Start of Block
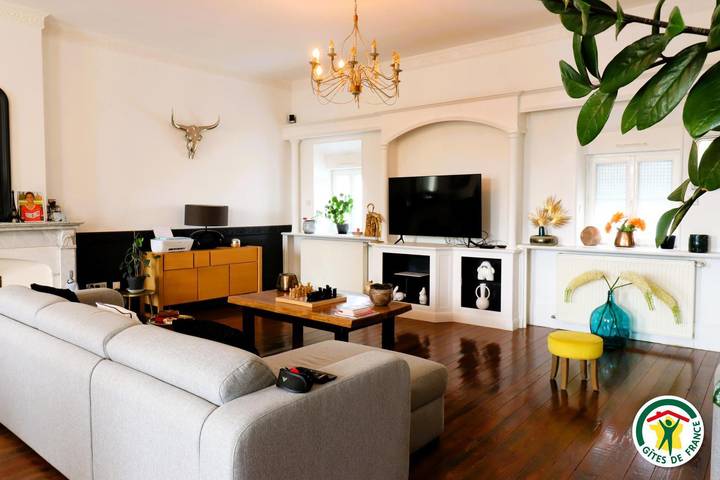 Gîte for 6 people, with pool and garden - 1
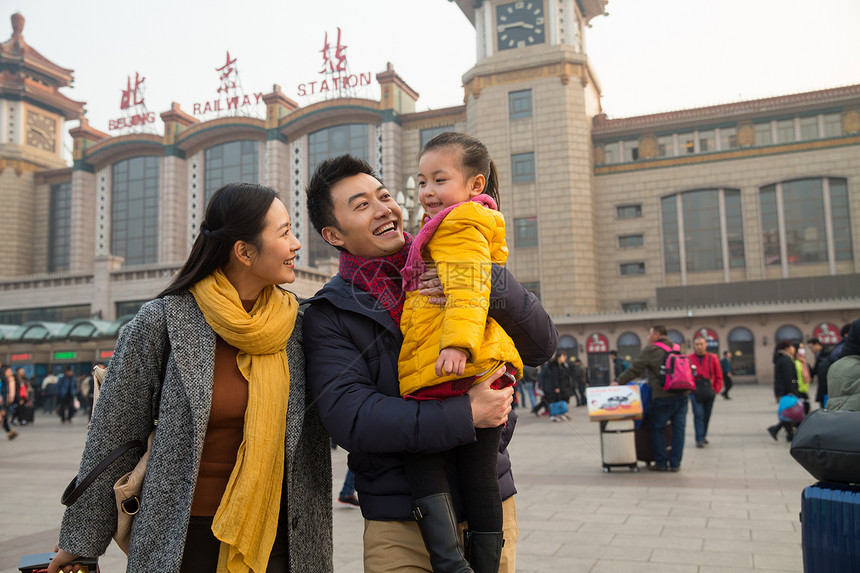 回家人中年男人幸福家庭在站前广场图片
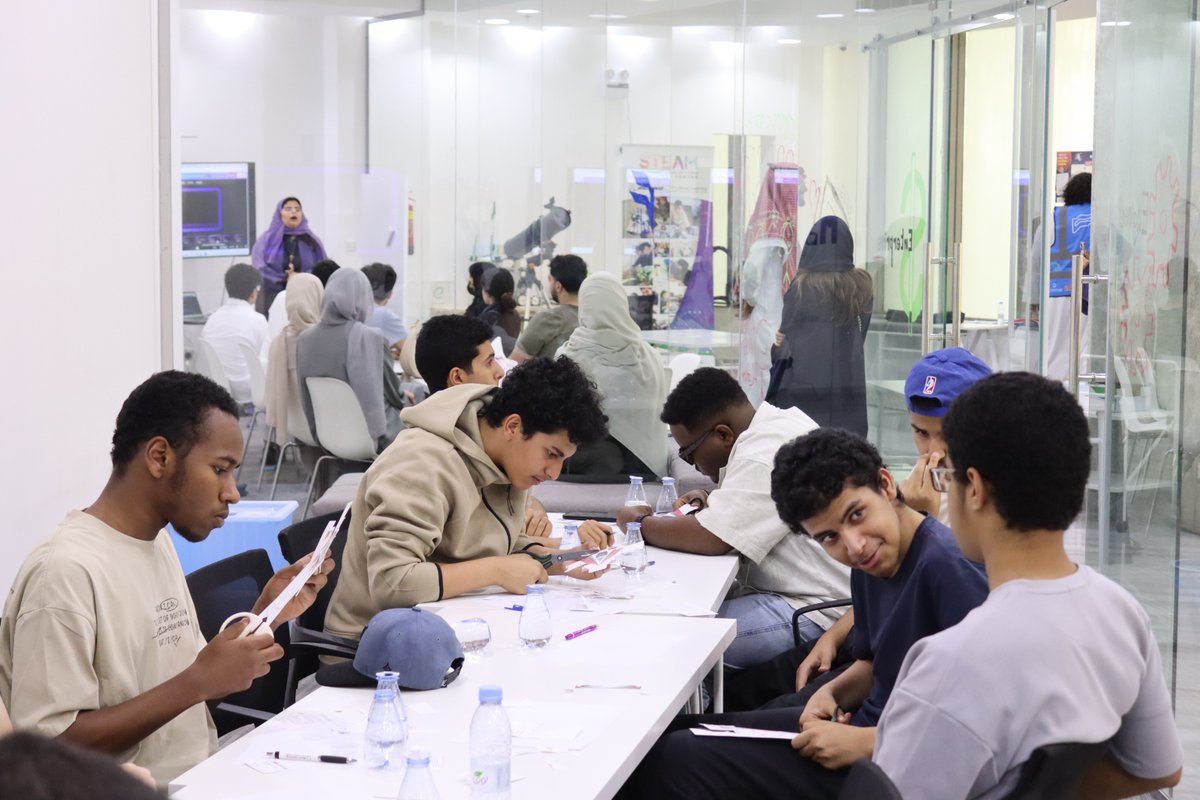 🚀 JUST IN: @fulkracing &amp; @nassl_racing rocked the #STEMRacingKSA workshop! Students mastered engineering + biz skills at <a href="/WLKSA2024/">World Learning Saudi Arabia</a>’s STEAM Center. Fusion 360 designs ➡️ epic team pitches. Future innovators = UNSTOPPABLE! 👏🏽 #Engineering #SaudiYouth #سباق_STEM_السعودية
End of Block
▸ **WHAT TO DO**: Only the lines from the start of the material through the line containing "回家人中年男人幸福家庭在站前广场图片" should be transcribed. Pictures stay out.

▸ **RESPONSE BELOW**:
 Gîte for 6 people, with pool and garden - 1
 回家人中年男人幸福家庭在站前广场图片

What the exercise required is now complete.